JDP Kota Bogor Tanamkan Semangat Kebangunan Rohani, Doa Menjadi Titik Awal Membangun Generasi Berintegritas
BOGOR, 26 Juni 2026 – Di tengah berbagai tantangan yang dihadapi generasi muda, Jaringan Doa Pemuda (JDP) Kota Bogor mengajak anak-anak muda untuk kembali membangun kehidupan yang berakar pada doa dan firman Tuhan. Ajakan tersebut diwujudkan melalui Ibadah Doa JDP Kota Bogor yang digelar Jumat (26/6/2026) mulai pukul 18.30 WIB di GPIAI Jemaat Filadelfia, Perumahan Graha Indah, Jalan Cendana I Blok BD No. 6–7, Kelurahan Kedung Halang, Kecamatan Bogor Utara, Kota Bogor, Jawa Barat.
Mengusung tema “Dipulihkan untuk Masa Depan yang Mulia” yang diambil dari Mazmur 147:3, kegiatan ini menjadi wadah bagi pemuda Kristen lintas gereja untuk mempererat persekutuan sekaligus memperkuat komitmen hidup yang berpusat kepada Kristus. Hingga berita ini diterbitkan, ibadah masih berlangsung dengan suasana yang khidmat dan penuh sukacita.
Pelayanan firman Tuhan dibawakan oleh Ps. Mecky Lepian, yang menyoroti bahwa pemulihan bukan sekadar pengalaman emosional, melainkan proses pembentukan karakter yang menghasilkan keteguhan iman, pengharapan, dan kesiapan menghadapi masa depan.
Di sela-sela jalannya ibadah, Tim Media mewawancarai Gembala Sidang GPIAI Jemaat Filadelfia, Pdt. Dr. Leo Fransisco, M.Pd.
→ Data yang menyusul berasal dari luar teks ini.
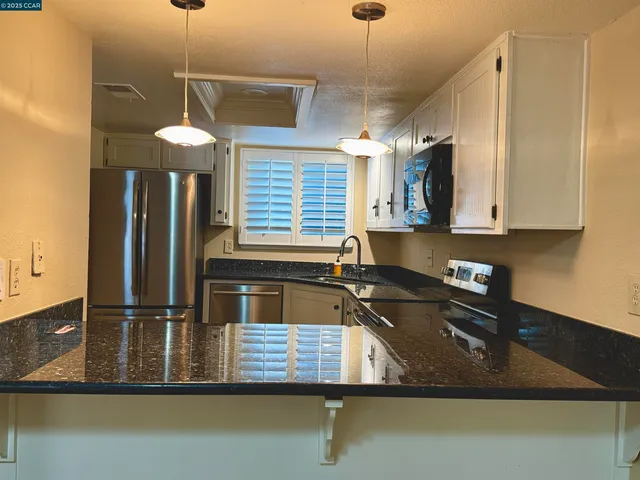 a kitchen with kitchen island a counter space a sink and appliances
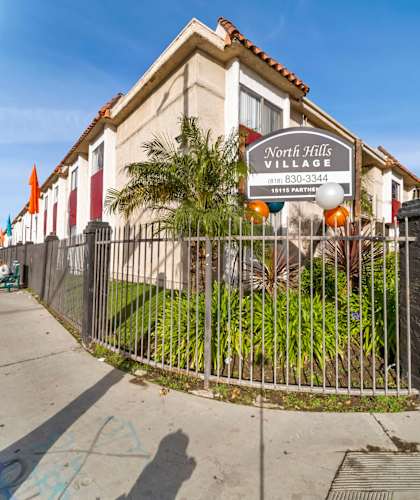 A sign for North Hills Village with a phone number is displayed on a fence.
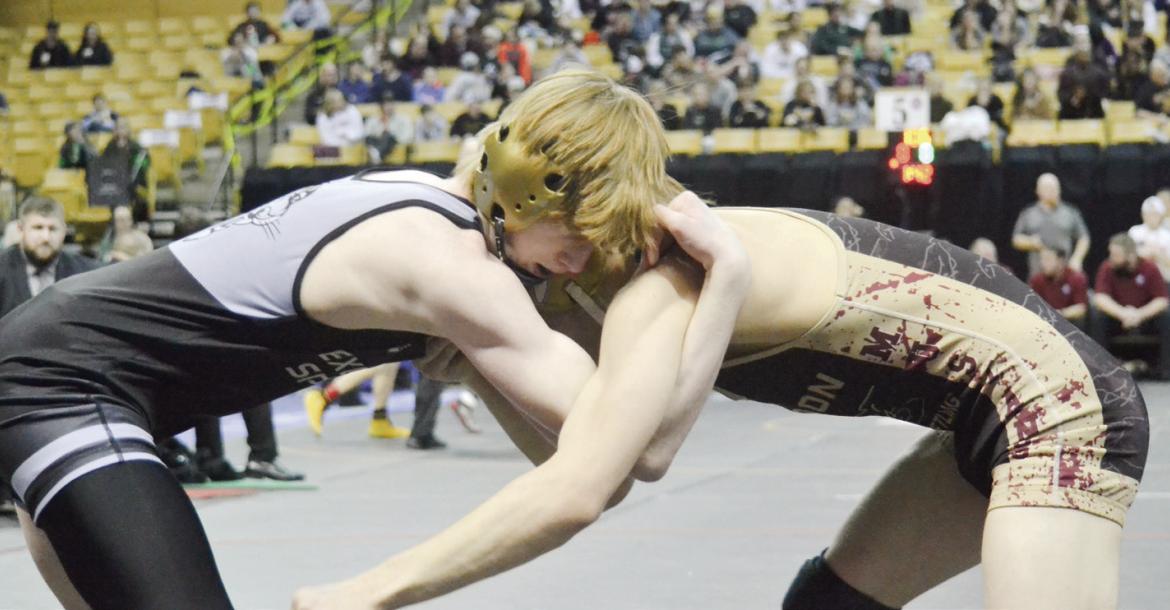 COOPER COLLINS, left, ties up with Eldon’s Jesiah Simmons in the Class 1 113-pound state title match Feb. 23 at Mizzou Arena. DUSTIN DANNER | Staff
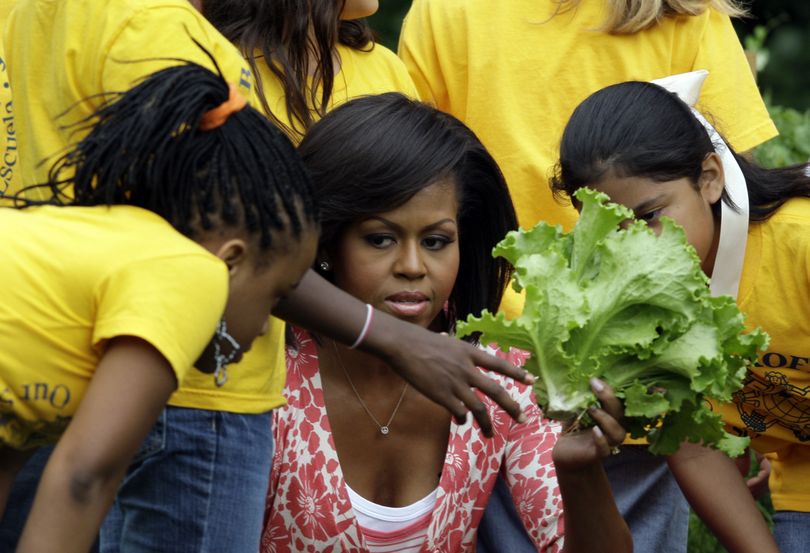 ORG XMIT: DCAB145 First lady Michelle Obama harvests vegetables with fifth graders from Bancroft Elementary School in the First Lady's Garden that they planted in the garden on the South Lawn of The White House in Washington, Tuesday, June 16, 2009.(AP Photo/Alex Brandon) (Alex Brandon / The Spokesman-Review)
Ia menyampaikan bahwa di era yang penuh perubahan, generasi muda memerlukan fondasi rohani yang kuat agar mampu menghadapi berbagai tantangan tanpa kehilangan jati diri.
“Kita tidak bisa menghindari perubahan zaman, tetapi kita dapat mempersiapkan generasi yang memiliki karakter Kristus. Pemulihan yang Tuhan kerjakan harus melahirkan pribadi yang memiliki integritas, kasih, dan semangat melayani. Itulah bekal yang akan membawa mereka menjadi pemimpin yang mampu memberi pengaruh positif bagi gereja, masyarakat, dan bangsa,” ujar Pdt. Dr. Leo Fransisco, M.Pd. kepada Tim Media.
Menurutnya, gereja tidak boleh hanya menjadi tempat penyelenggaraan ibadah, tetapi juga menjadi pusat pembinaan karakter, pengembangan kepemimpinan, dan pemberdayaan generasi muda. Ia menilai bahwa kegiatan seperti JDP menjadi salah satu bentuk nyata dalam membangun kolaborasi lintas gereja untuk memperkuat kehidupan rohani pemuda Kristen di Kota Bogor.
Selain doa bagi kebutuhan pribadi, peserta juga menaikkan doa syafaat untuk keluarga, para pemimpin gereja, pemerintah, dunia pendidikan, serta kondisi bangsa Indonesia. Semangat kebersamaan yang terbangun sepanjang ibadah mencerminkan harapan agar gereja terus menjadi pembawa damai dan penggerak nilai-nilai persatuan di tengah masyarakat.
Hingga berita ini dipublikasikan, rangkaian ibadah masih berlangsung dengan penuh antusiasme. Para peserta mengikuti setiap sesi, mulai dari pujian dan penyembahan hingga pemberitaan firman, sebagai bagian dari kerinduan untuk mengalami pembaruan hidup.
Melalui momentum ini, Jaringan Doa Pemuda Kota Bogor ingin mengingatkan bahwa masa depan yang mulia tidak hanya ditentukan oleh kemampuan akademik atau keterampilan, tetapi juga oleh kualitas iman, karakter, dan kehidupan doa. Ketika generasi muda dibangun dengan nilai-nilai tersebut, mereka akan mampu menjadi terang, membawa pengharapan, dan memberikan kontribusi nyata bagi kemajuan gereja, Kota Bogor, dan Indonesia.